_Task directions_
Every entry is to be transcribed as it stands. Images stay out.

--- START ---

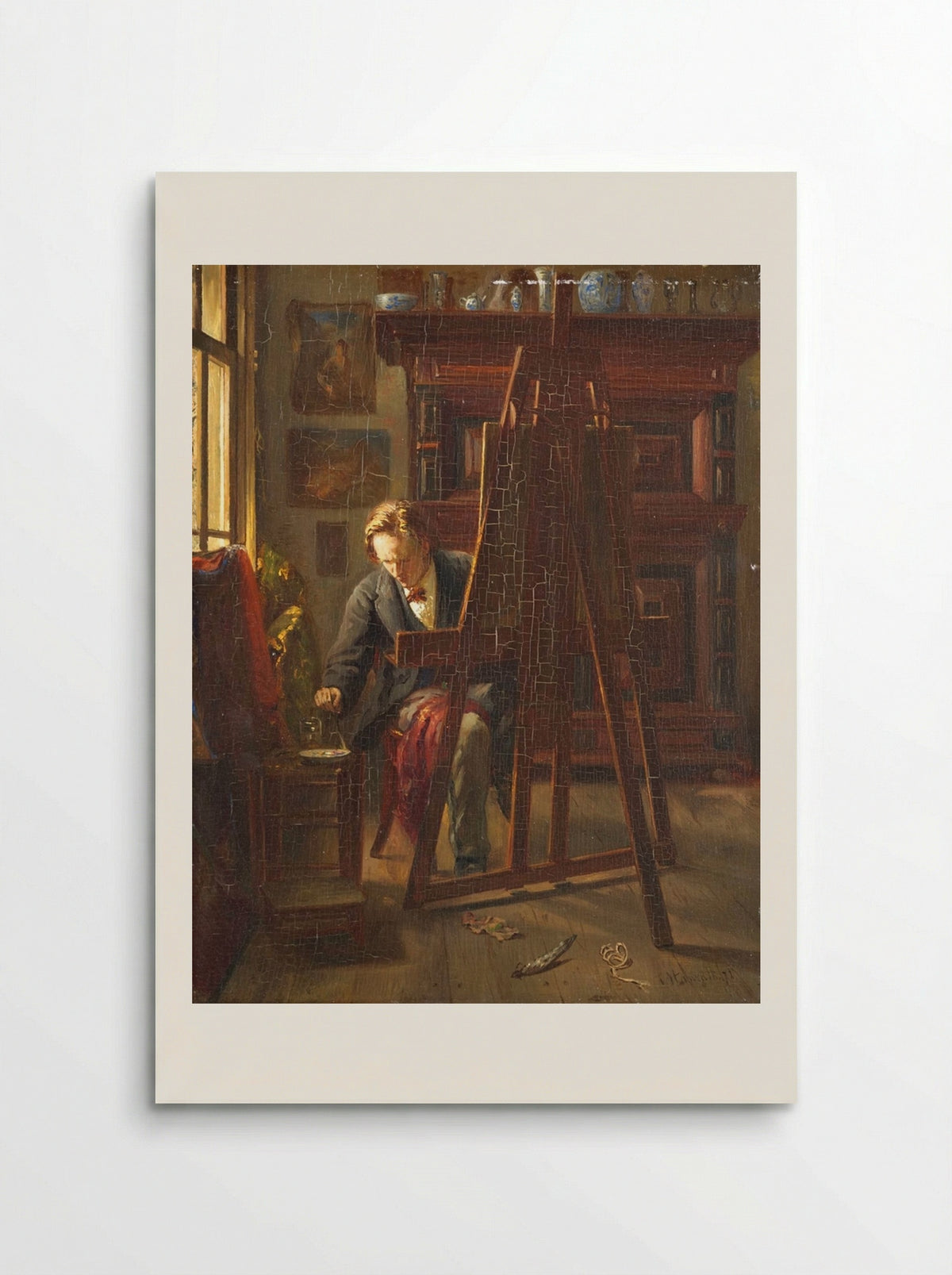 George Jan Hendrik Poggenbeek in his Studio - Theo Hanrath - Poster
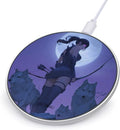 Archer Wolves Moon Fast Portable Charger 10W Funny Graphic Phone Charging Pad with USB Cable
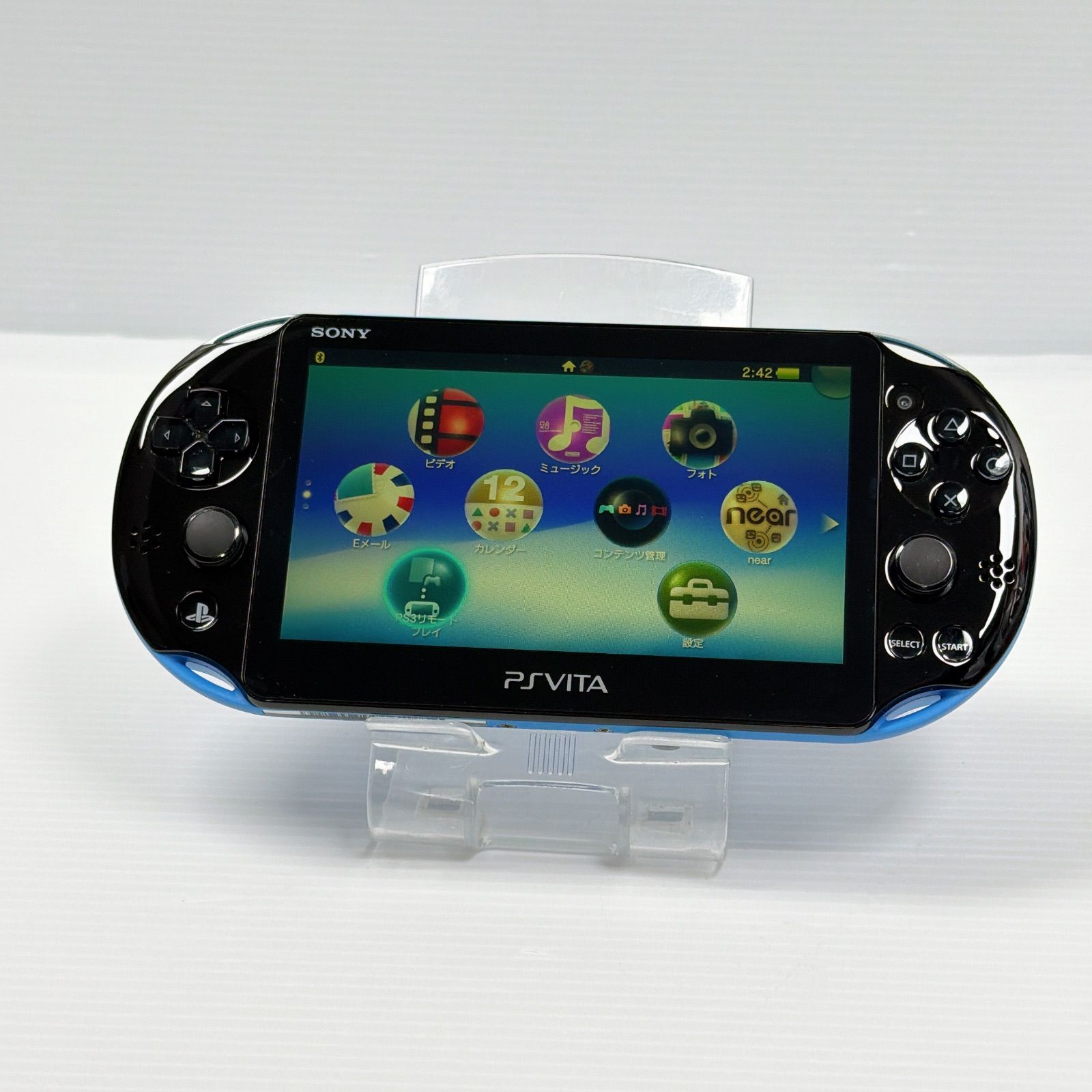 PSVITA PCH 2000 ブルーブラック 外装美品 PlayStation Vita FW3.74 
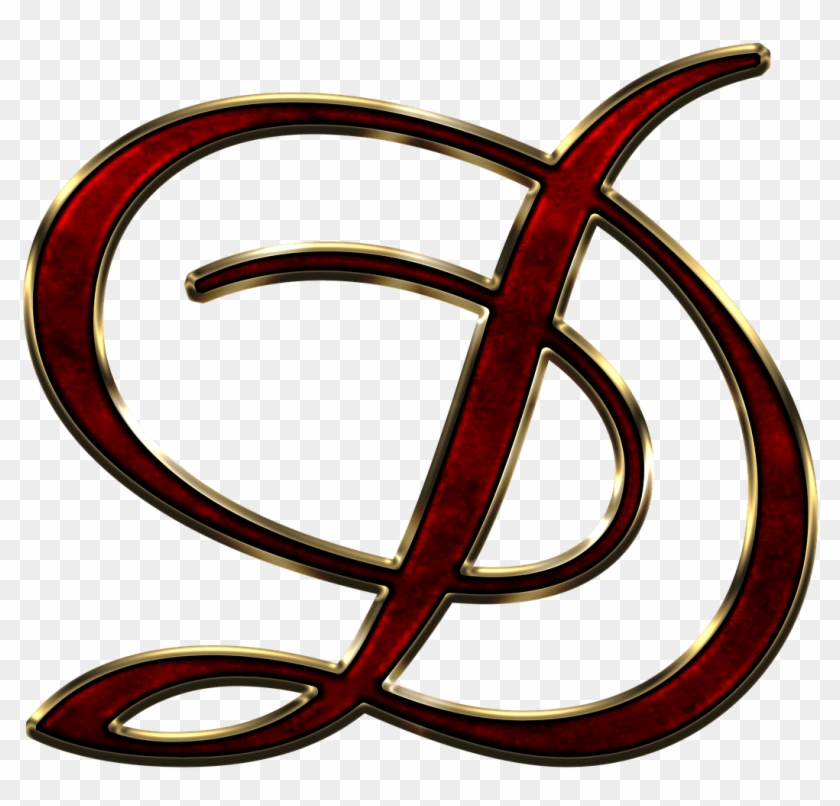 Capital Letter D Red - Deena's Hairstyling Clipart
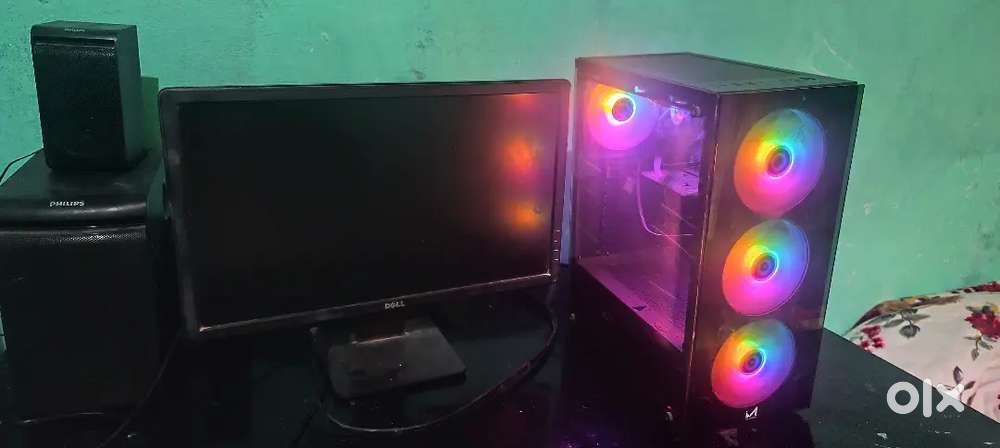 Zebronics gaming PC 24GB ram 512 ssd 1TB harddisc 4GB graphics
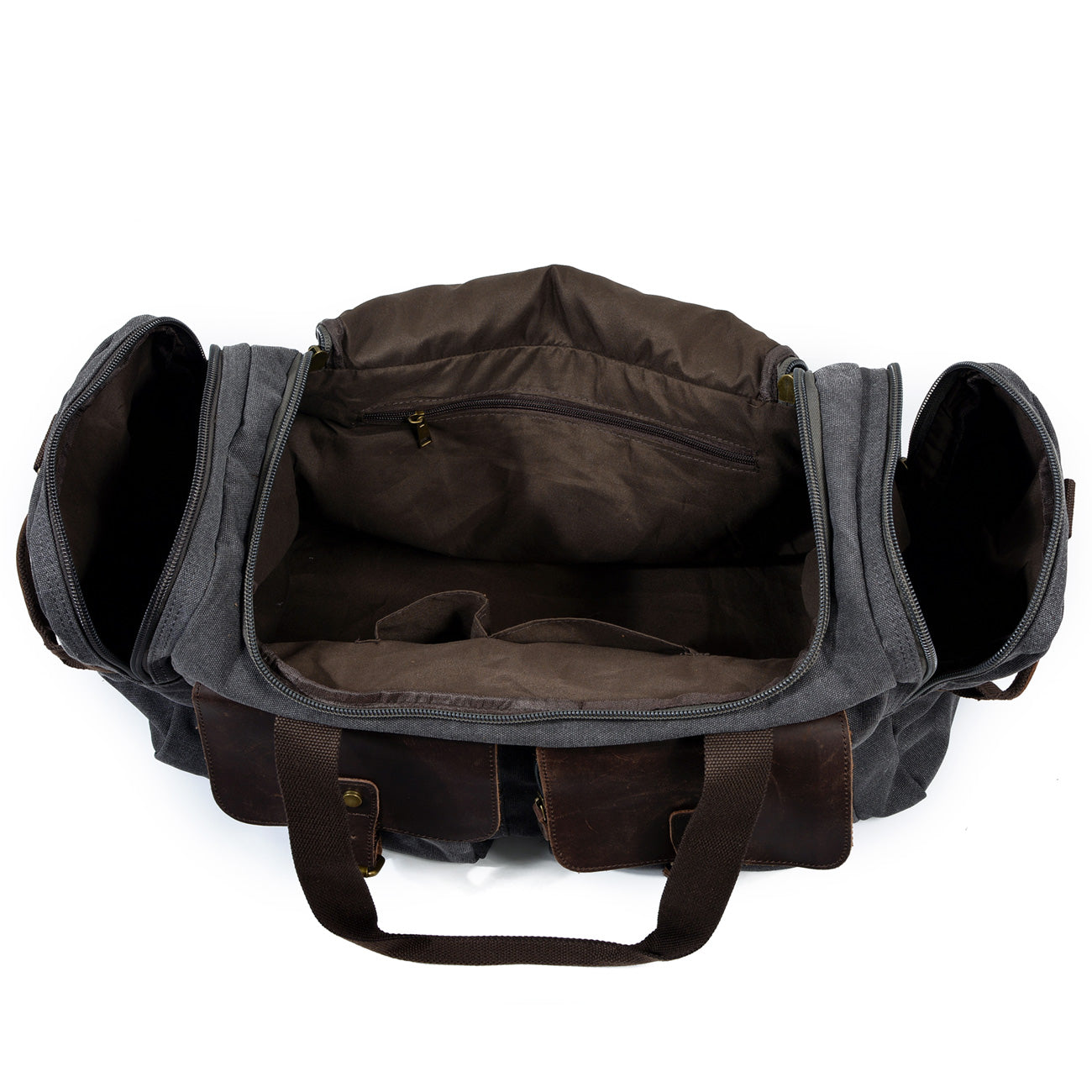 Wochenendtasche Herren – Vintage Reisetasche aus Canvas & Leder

--- END ---

_Answer for this exercise_
 George Jan Hendrik Poggenbeek in his Studio - Theo Hanrath - Poster
 Archer Wolves Moon Fast Portable Charger 10W Funny Graphic Phone Charging Pad with USB Cable
 PSVITA PCH 2000 ブルーブラック 外装美品 PlayStation Vita FW3.74 
 Capital Letter D Red - Deena's Hairstyling Clipart
 Zebronics gaming PC 24GB ram 512 ssd 1TB harddisc 4GB graphics
 Wochenendtasche Herren – Vintage Reisetasche aus Canvas & Leder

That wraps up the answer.